> _SOURCE DATA_:
_ _ _ _ _ _ _
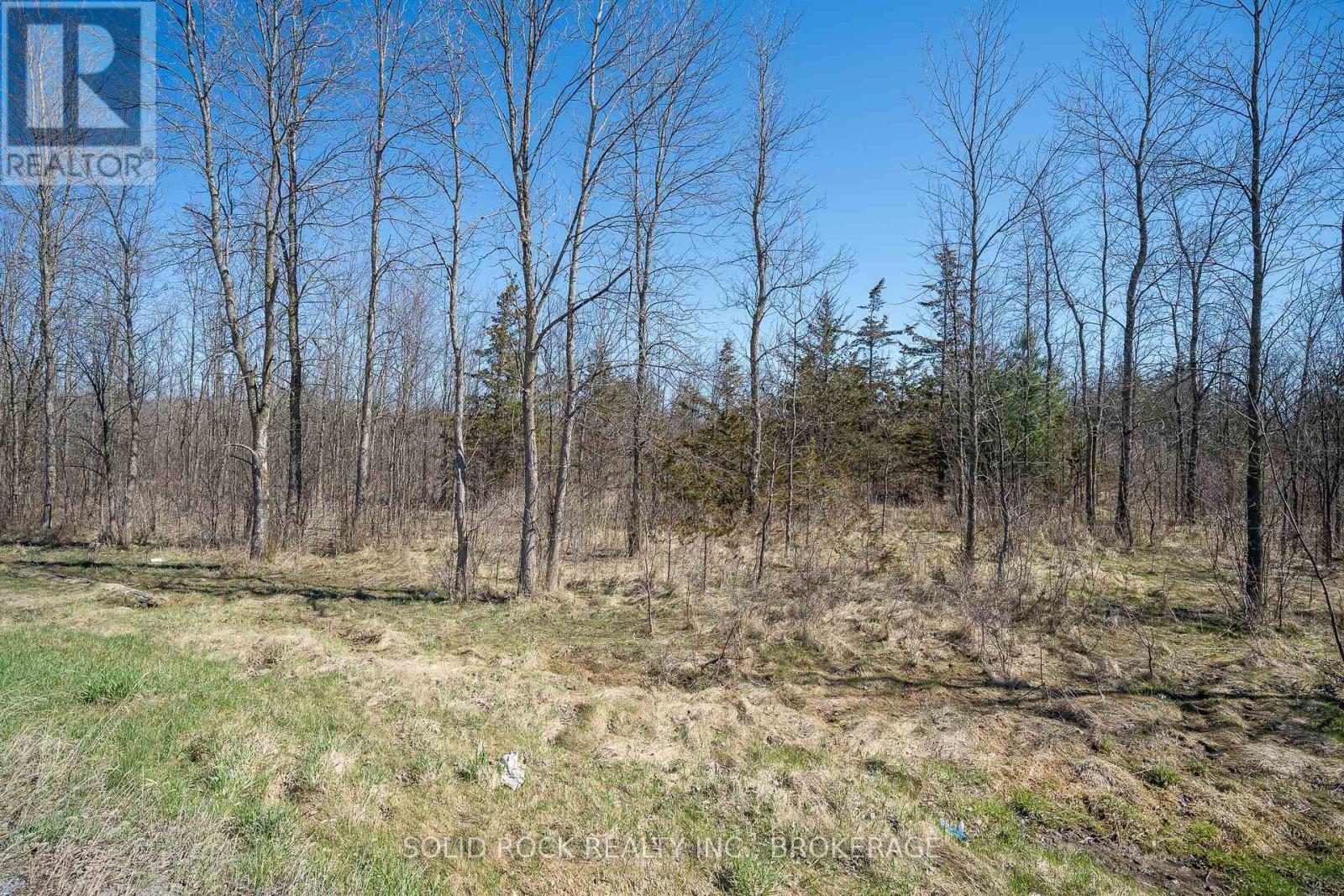 Pt Lt 3 County Rd 6 Road, Loyalist (Lennox And Addington - South), Ontario  K0K 3N0 - Photo 21 - X11970819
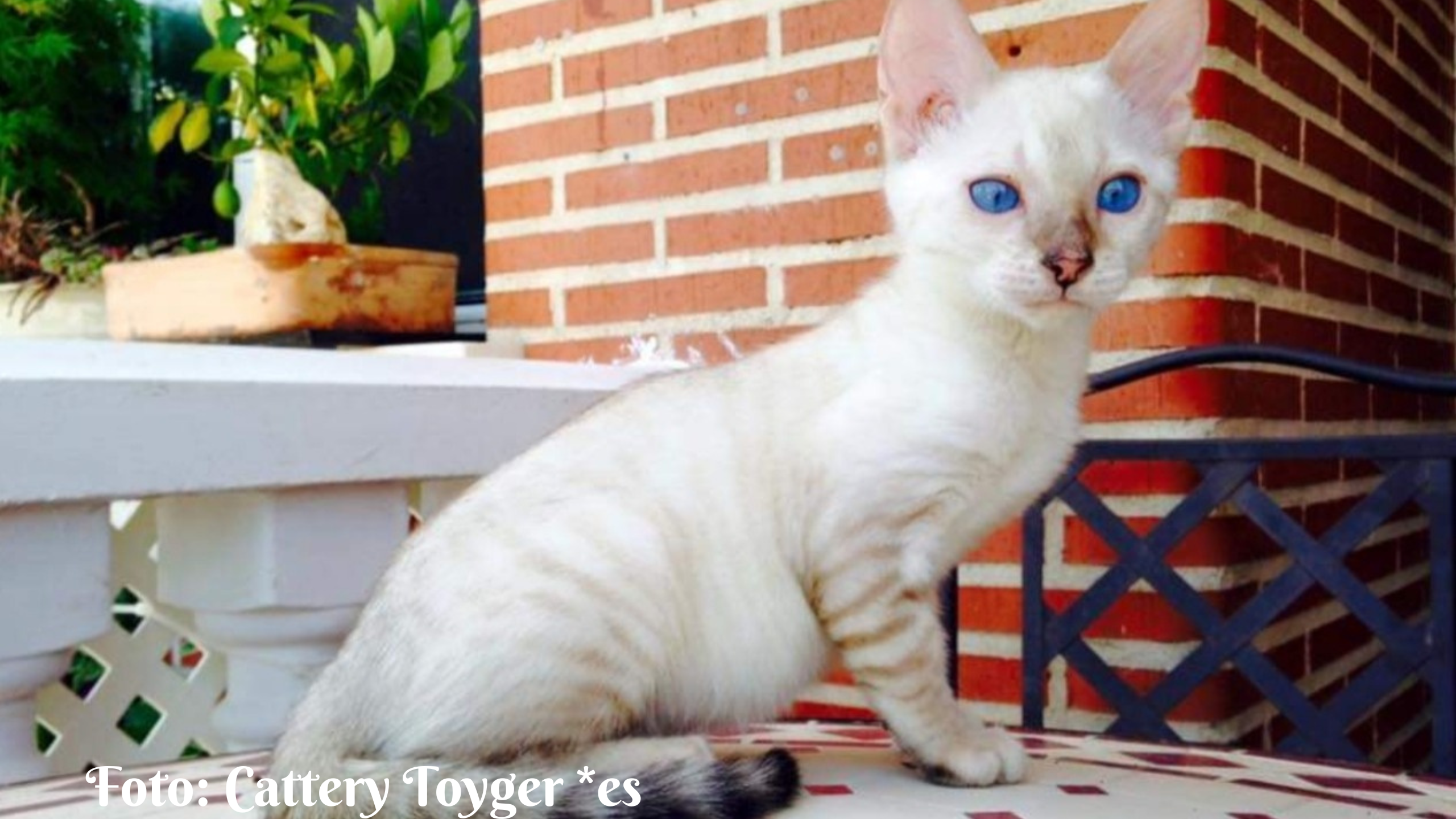 Foto Cattery GatosSoñdores (8)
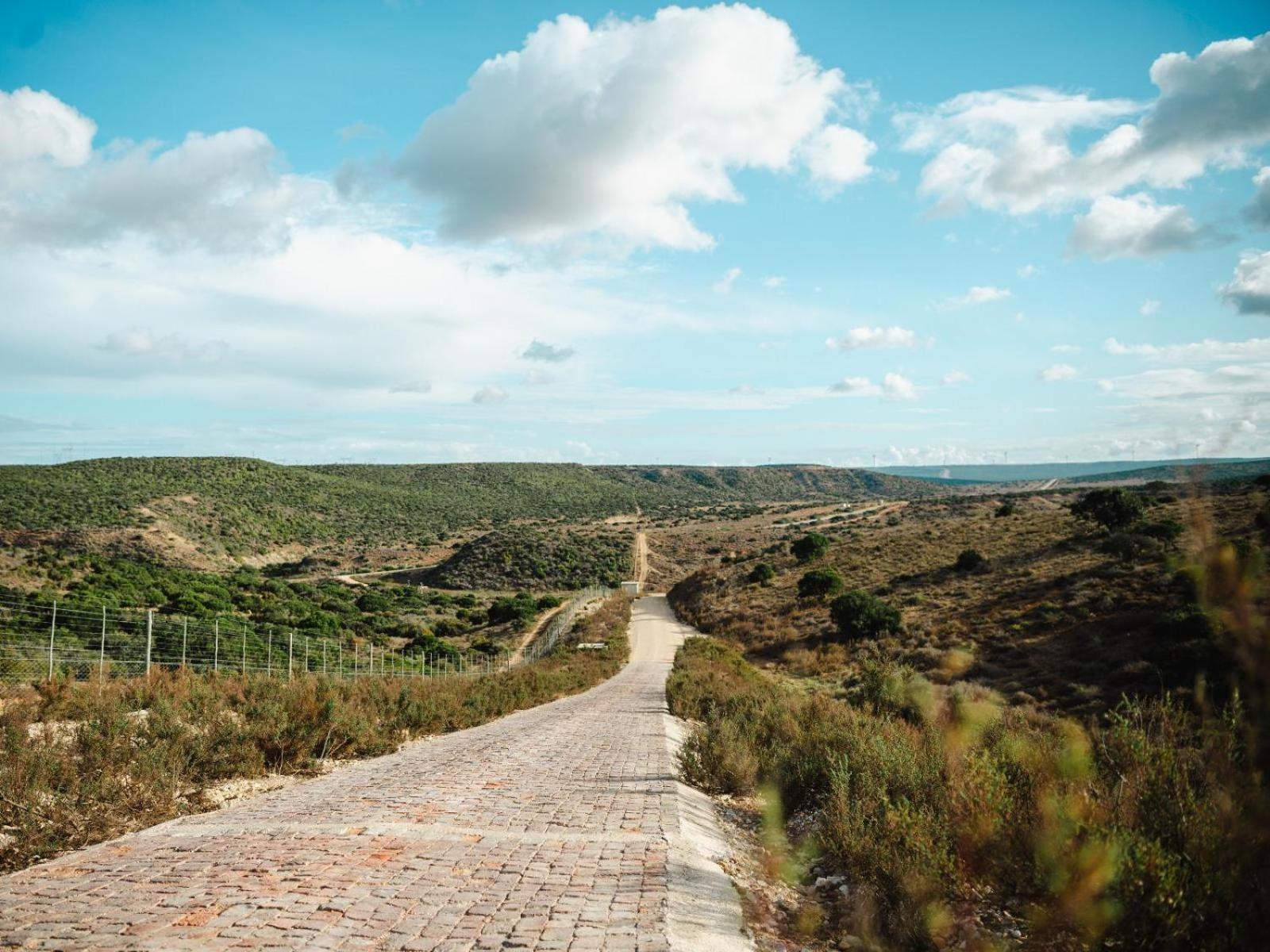 Longhill Reserve Addo Esterno foto
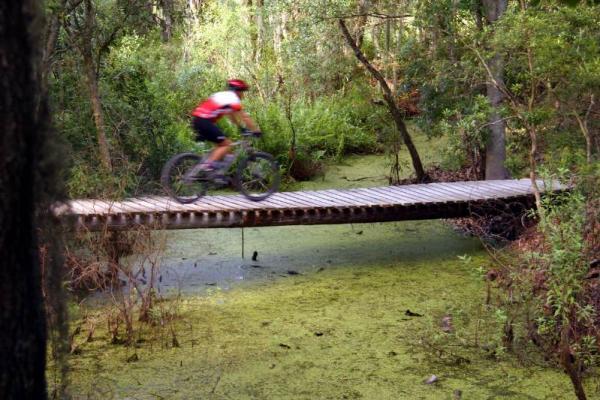 A mountain biker riding quickly over a wooden bridge in a lush green forest, surrounded by marshy water covered in algae. Trees and dense foliage line the path, creating a natural setting. Alafia River State Park mountain bike trail.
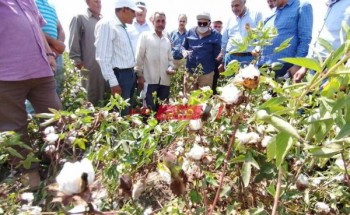 مديرية الزراعة بدمياط تحتفل بجني زراعات القطن بالمحافظة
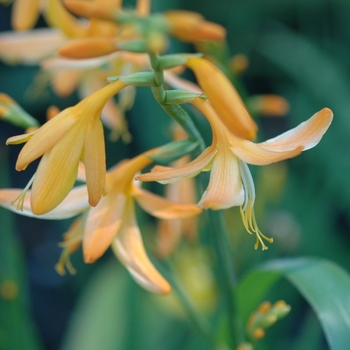 Crocosmia hybrid 'George Davidson' - Crocosmia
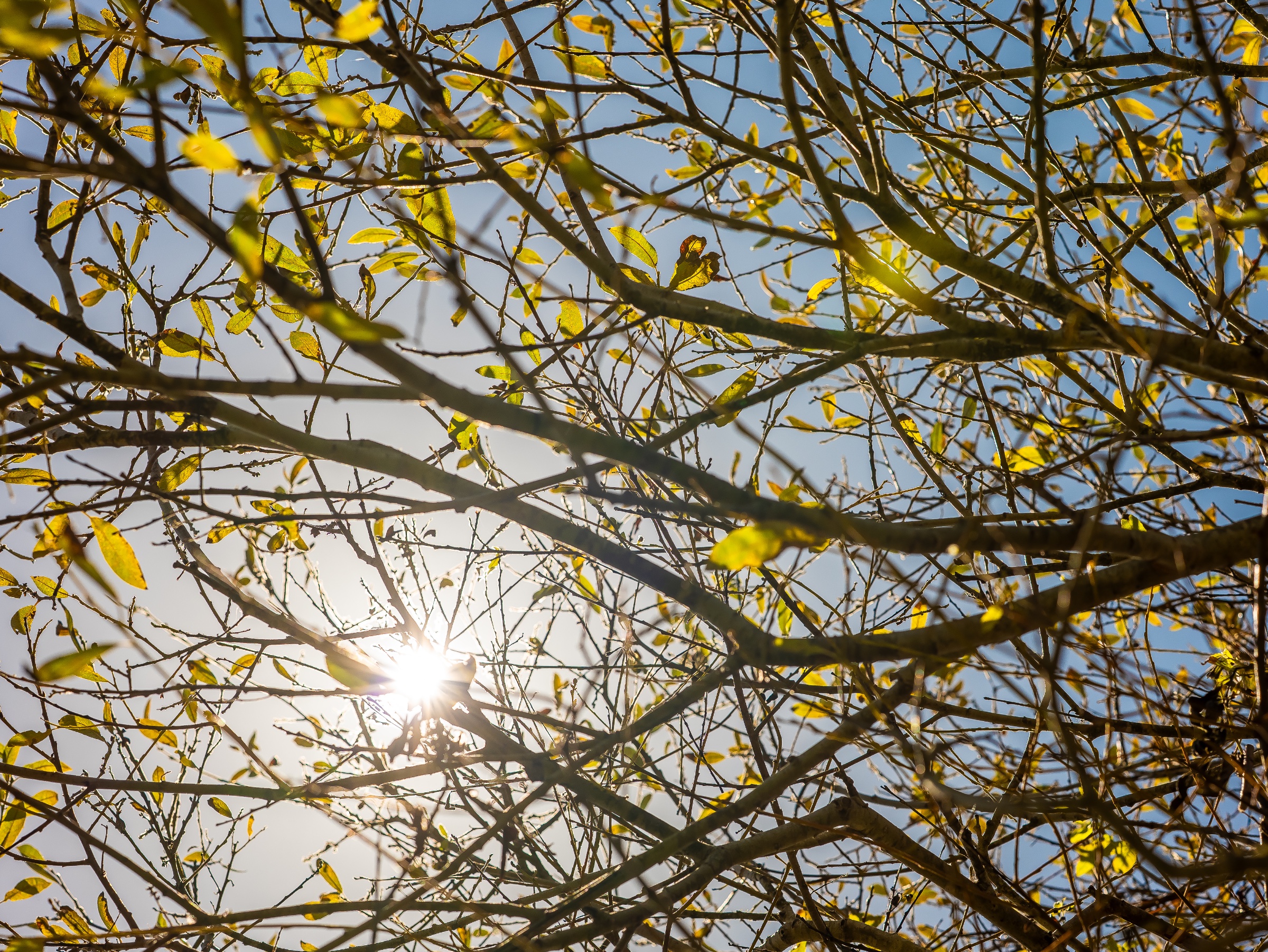 The bright sun shines through a lattice of slender branches, backlighting small yellow-green leaves and creating a warm haze of gold and white. The overlapping limbs and soft focus turn the canopy into an abstract study of light, movement, and early autumn color.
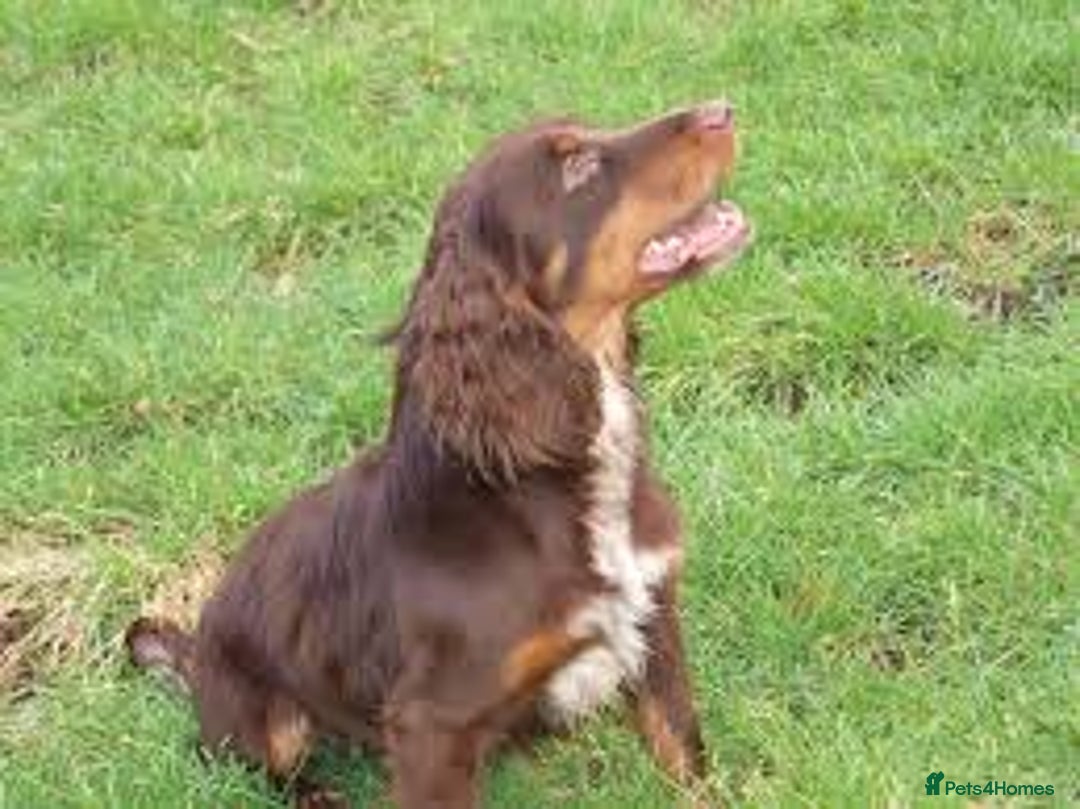 Cocker Spaniel dogs for sale: Cocker Spaniel Puppy’s (🍫Merle)  - Image 8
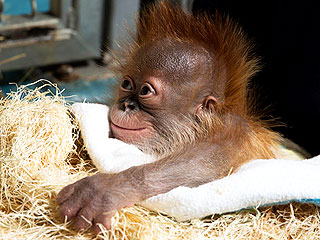 Baby Orangutan Smiles for Cameras After Risky Birth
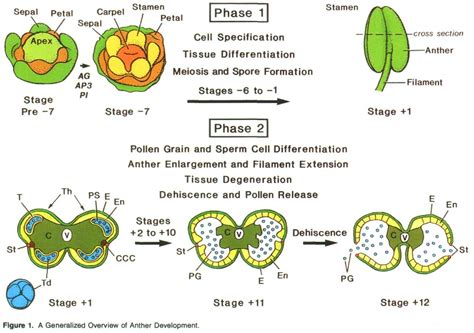 Figure 4 from Anther development: basic principles and practical ...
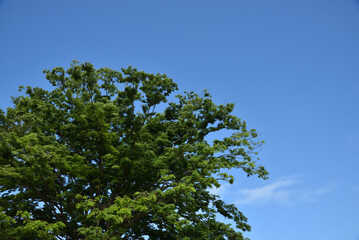 Green tree with copy space of sky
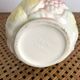 Fruit slip pitcher Salins France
_ _ _ _ _ _ _
> _WORK REQUEST_: Your answer must be an exact repeat of the records above, with no pictures in it.

> _FINAL ANSWER_:
 Pt Lt 3 County Rd 6 Road, Loyalist (Lennox And Addington - South), Ontario  K0K 3N0 - Photo 21 - X11970819
 Foto Cattery GatosSoñdores (8)
 Longhill Reserve Addo Esterno foto
 A mountain biker riding quickly over a wooden bridge in a lush green forest, surrounded by marshy water covered in algae. Trees and dense foliage line the path, creating a natural setting. Alafia River State Park mountain bike trail.
 مديرية الزراعة بدمياط تحتفل بجني زراعات القطن بالمحافظة
 Crocosmia hybrid 'George Davidson' - Crocosmia
 The bright sun shines through a lattice of slender branches, backlighting small yellow-green leaves and creating a warm haze of gold and white. The overlapping limbs and soft focus turn the canopy into an abstract study of light, movement, and early autumn color.
 Cocker Spaniel dogs for sale: Cocker Spaniel Puppy’s (🍫Merle)  - Image 8
 Baby Orangutan Smiles for Cameras After Risky Birth
 Figure 4 from Anther development: basic principles and practical ...
 Green tree with copy space of sky
 Fruit slip pitcher Salins France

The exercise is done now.